Yes, in 2017 they gave me a Miguel Servet scholarship, and in January 2018 I joined the IMIM and created my group, starting from scratch.
How was the experience?
It is very motivating and exciting to create a group where you can follow your own lines of research. It is a very exciting challenge. But it cannot be denied that it also involves many difficulties and a lot of uncertainty… Especially in terms of obtaining funding, which can be a matter of luck. And I actually have been very lucky, because I have received funding from various sources, and this has allowed me to have a large research group composed by six people.
“Starting your own group is very motivating and exciting, but it also involves many difficulties and a lot of uncertainty, especially in terms of funding“
And you are still studying breast cancer metastasis… And, now, immunotherapy as well.
We focus primarily on the evolution of tumors, and specifically on the development of metastasis. Not on how the primary tumor cells escape, but how and why they get to settle in another place. Experiments have shown that there are millions of cells that escape from a primary tumor, but only 0.1% of these cells are capable of creating a secondary tumor. We want to understand what is special about these cells, especially in their interaction with the immune system.
There are millions of cells that escape from a primary tumor, but only 0.1% of these are capable of creating a secondary tumor.
Are we moving forward in the therapeutic application of immunotherapy?
There are different types of immunotherapy that are being tested, like the CAR-T or the blockers of the immune system control points (immune check points), which is the most successful type.
This year, 2019, the first immunotherapy treatment for metastatic triple negative breast cancer has been approved. This is the breast cancer with the worst prognosis, and now this treatment can be used in the clinic! In melanoma and lung cancers, immunotherapy has been used since some years ago, and when it works (perhaps in 20-40% of cases), it works very well and in the long term. The problem is when it doesn’t work… A lot of research is focused onn this field right now!
Have you ever thought about leaving science?

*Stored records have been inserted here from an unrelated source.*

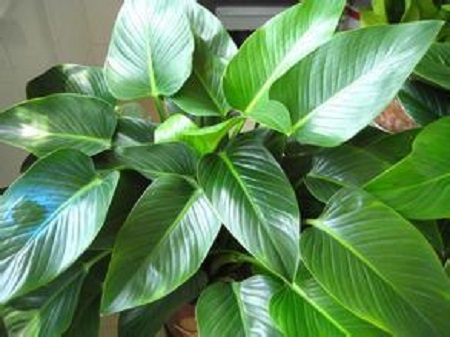 金钻冬天怎么养护和浇水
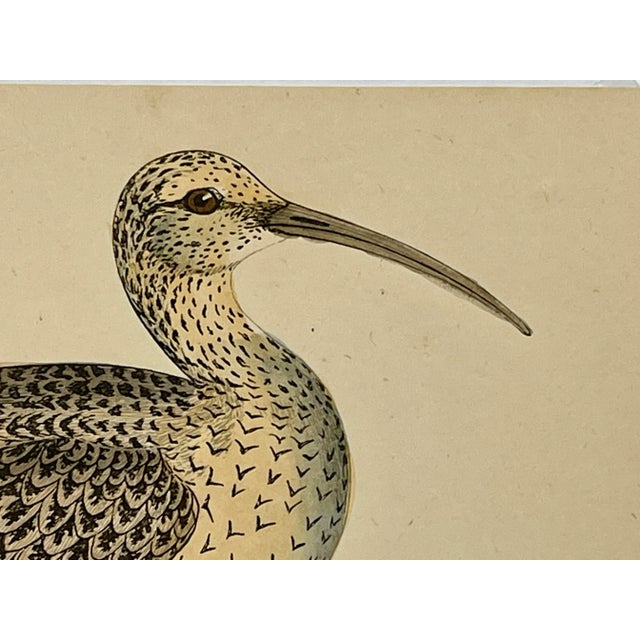 Illustration Antique Bird Print From England Showcasing a Esquimaux Curlew - Circa 1880 For Sale - Image 3 of 11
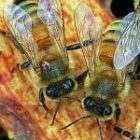 bees.jpg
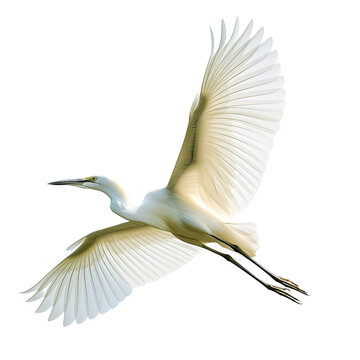 Egret bird Flying in the air with open wingspan isolated on white or transparent background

Yes! While I was doing my postdoc, I thought about it several times! It is a difficult phase because you are in a professional limbo… In the lab I was working on that time I had the best resources, so there was a lot of pressure to do it very well. Doing it just “well” is not enough.
What is the hardest part of research?
The fact that you must be continuously in search of funding; you spend more time doing that than on research! Grants are short, there is no continuity and not enough money… In the US, almost 3% of the GDP is dedicated to research, while here in Spain we only dedicate 1.2%… Some associations such as ASEICA or AECC and others, are currently proposing a national R&D plan to increase the investment up to the European average, around 2%.
Research is a perverse system because even if you are very good at your job, it is not enough! The ‘luck’ factor is important, even when receiving funding. There is a lot of pressure because a stroke of bad luck – a failed grant – can block you.
And the best part?
On a practical level, when you have an intuition or groundbreaking idea and it is confirmed experimentally. On a global level, seeing how your discoveries can have a social impact, in our case, on patients.